Fulbrights aren’t just for students.
Jill Chonody, associate professor of social work in the College of Health Sciences, will share her special skills with colleagues at the Vietnam Women’s Academy in Hanoi, Vietnam.
Chonody will spend six weeks lecturing, conducting workshops, helping to develop courses and curricula and teaching both instructors and students as a Fulbright specialist.
The organization’s program includes the “scholars” section, through which “student Fulbrighters” travel outside the United States to study and conduct research, and a variety of focused fellowships. There are also the specialists.
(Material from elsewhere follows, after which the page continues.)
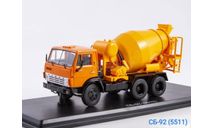 СБ-92 (5511), масштабная модель, Start Scale Models (SSM), scale43, КамАЗ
Started in 2001 by the U.S. Department of State, the Fulbright specialists feature matches proven professors with learning organizations in dozens of countries, from Albania to Zimbabwe. This is Chonody’s second tour of duty through the specialists pool; she visited Sweden as a specialist in 2019.
Because the Women’s Academy is a relatively new institution building on earlier training programs in the country, and given the dearth of opportunities for many to hear from traveling experts during the pandemic, Chonody hopes to be able to make a sizable impact with faculty members abroad and the organization itself. She expects to be working in areas that she has occupied and explored throughout her career, including evidence-based practice, aging, gay and lesbian populations, loneliness and gendered violence, among them.